In many religions, anger is frequently attributed to God or gods. Primitive people held that gods were subject to anger and revenge in anthropomorphic fashion.


Hebrew bible

The Hebrew Bible says that opposition to God's Will results in God's anger. The Hebrew Bible explains that:

God is not an intellectual abstraction, nor is He conceived as a being indifferent to the doings of man; and His pure and lofty nature resents most energetically anything wrong and impure in the moral world: "O Lord, my God, mine Holy One... Thou art of eyes too pure to behold evil, and canst not look on iniquity."


Christians also subscribe to the God's holiness and his anger in the sight of evil. This anger, they hold is not inconsistent with God's love. They also believe that the wrath of God comes to those who reject Jesus.
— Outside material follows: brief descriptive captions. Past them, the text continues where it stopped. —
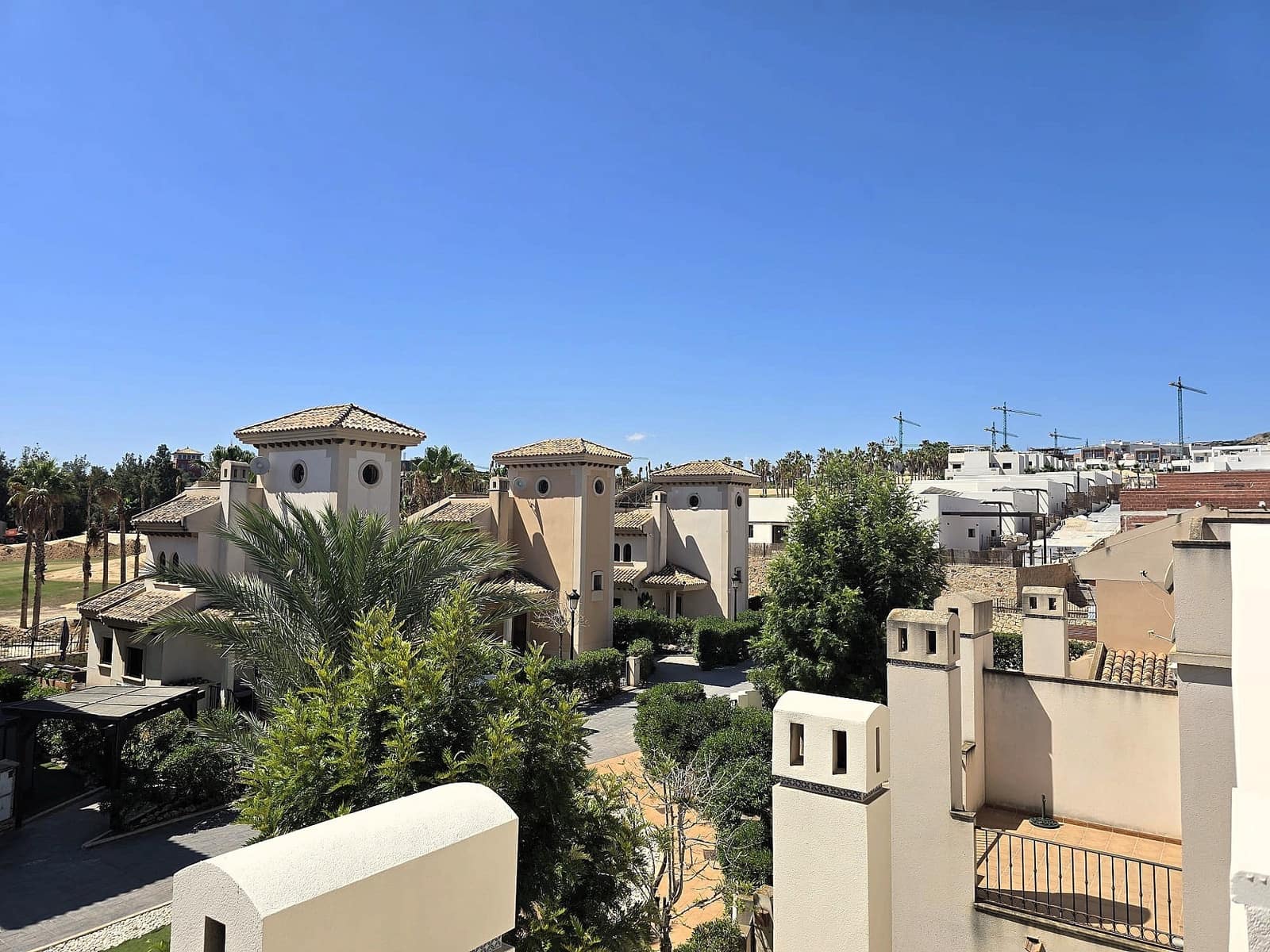 3 quarto Bungalow para venda em Algorfa com piscina - 230 000 € (Ref: 9363524)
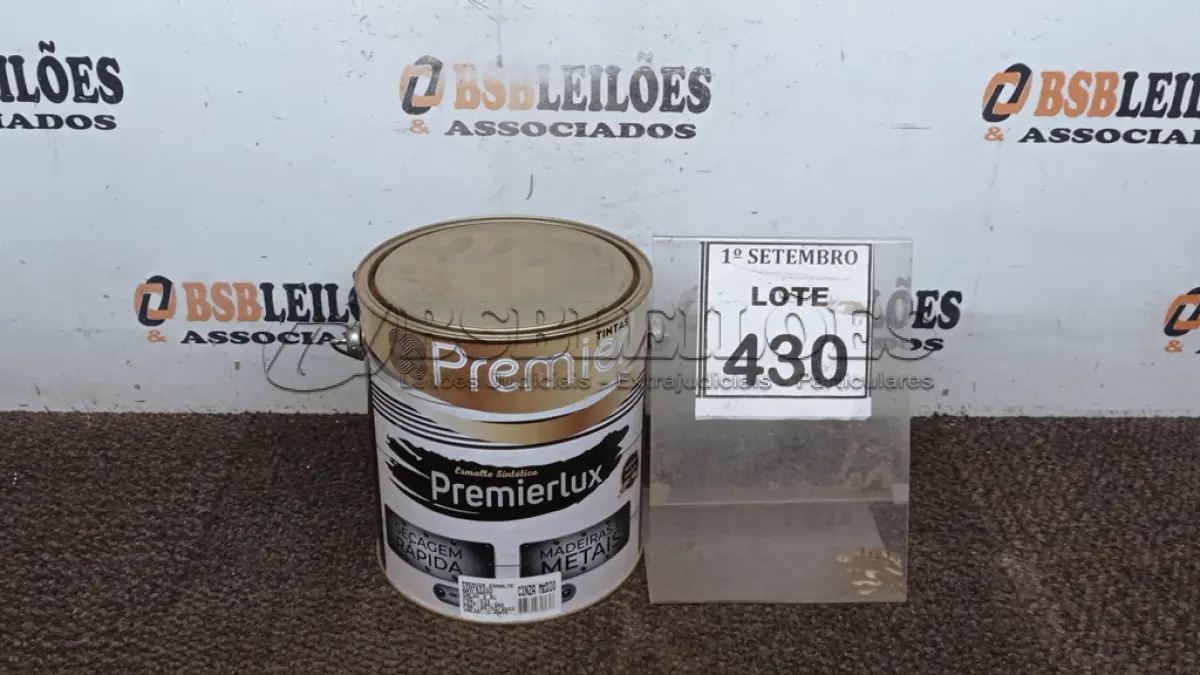 LOTE 430 - 01 LATA DE ESMALTE SINTÉTICO PREMIERLUX DE 3,6L NA COR CINZA MÉDIO MARCA PREMIER. (NO ESTADO) ATENÇÃO! FAZER A VISITAÇÃO ANTES DE ARREMATAR, NÃO SABEMOS SE FUNCIONA, LEILÃO NÃO TEM GARANTIA E NEM DEVOLUÇÃO, SUJEITO A POSSÍVEIS AVARIAS VISÍVEIS/OCULTAS E/OU AUSÊNCIA DE COMPONENTES.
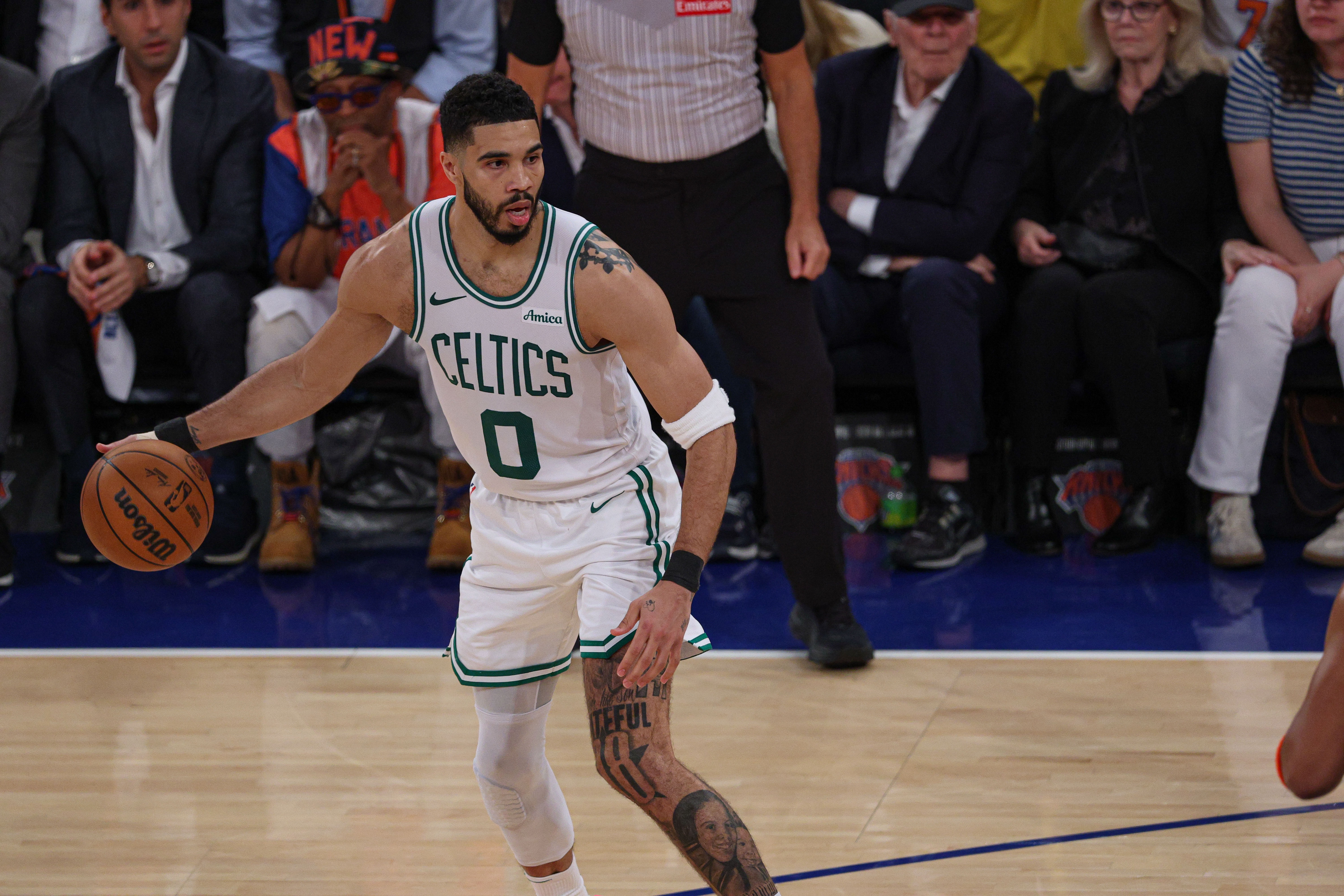 开云-塔图姆谈出场时间：我当然可以打得更久 但我明白要以大局为重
In Islam, God's mercy outweighs his wrath or takes precedence of it. The characteristics of those upon whom God's wrath will fall is as follows: Those who reject God; deny his signs; doubt the resurrection and the reality of the day of judgment; call Muhammad a sorcerer, a madman or a poet; do mischief, are impudent, do not look after the poor (notably the orphans); live in luxury or heap up fortunes; persecute the believers or prevent them from praying;...

Later views

The 1755 Lisbon earthquake was ascribed to the anger of God and the publication of Fanny Hill supposedly caused two earthquakes.

See also

Unless indicated otherwise, the text in this article is either based on Wikipedia article "Anger of God" or another language Wikipedia page thereof used under the terms of the GNU Free Documentation License; or on research by Jahsonic and friends. See Art and Popular Culture's copyright notice.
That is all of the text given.